If teenagers spend a lot of time on social media platforms like Instagram, Snapchat, TikTok and others, they are more likely to engage in cyberbullying, finds a new study.
According to the study, published in the Journal of Child and Adolescent Counseling, higher social media addiction scores, more hours spent online and identifying as male significantly predicted cyberbullying perpetration in adolescents.
“There are some people who engage in cyberbullying online because of the anonymity and the fact that there’s no retaliation,” said researcher Amanda Giordano, Associate Professor at the University of Georgia.
“You have these adolescents who are still in the midst of cognitive development, but we’re giving them technology that has a worldwide audience and then expecting them to make good choices,” Giordano added.
Cyberbullying can take on many forms, including personal attacks, harassment or discriminatory behaviour, spreading defamatory information, misrepresenting oneself online, spreading private information, social exclusion and cyberstalking.
For the study, the researchers surveyed adolescents ranging in age from 13-19 years. Of the 428 people surveyed, 214 (50 per cent) identified as female, 210 (49.1 per cent) as male and four (0.9 per cent) as other.

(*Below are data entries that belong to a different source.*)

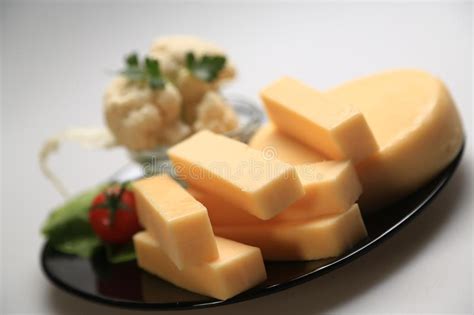 Different Types of Cheese Slices Stock Photo - Image of food, green ...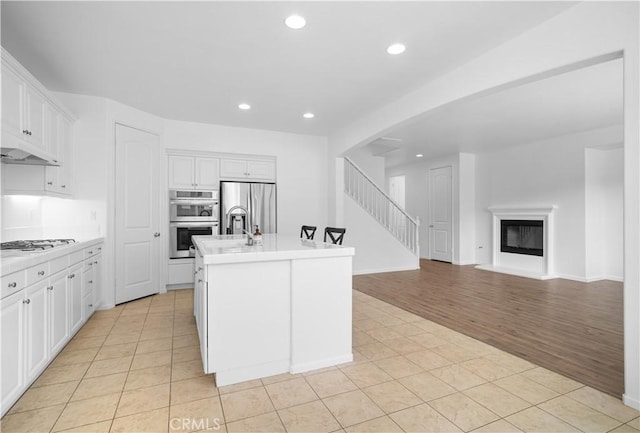 kitchen featuring white cabinetry, appliances with stainless steel finishes, a kitchen island with sink, and light tile patterned flooring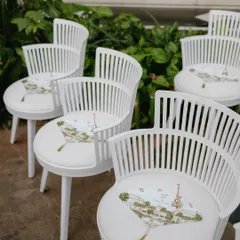 A playful detail from our "Tale as Old as Time" theme. These modern white chairs were customized with a printed fan on the seat, featuring illustrations that told the couple's story.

The researchers said that when adolescents are online, they adapt to a different set of social norms than when they are interacting with their peers in person.
They are often more aggressive or critical on social media because of the anonymity they have online and their ability to avoid retaliation.
Additionally, cyberbullies may feel less remorse or empathy when engaging in these behaviours because they can’t see the direct impact of their actions.
The participants in the study reported spending on average over seven hours online per day, and the reported average maximum hours spent online in one day was over 12 hours.
The study also found that adolescent males are more likely to engage in cyberbullying than females, aligning with past studies that show aggressive behaviours tend to be more male-driven.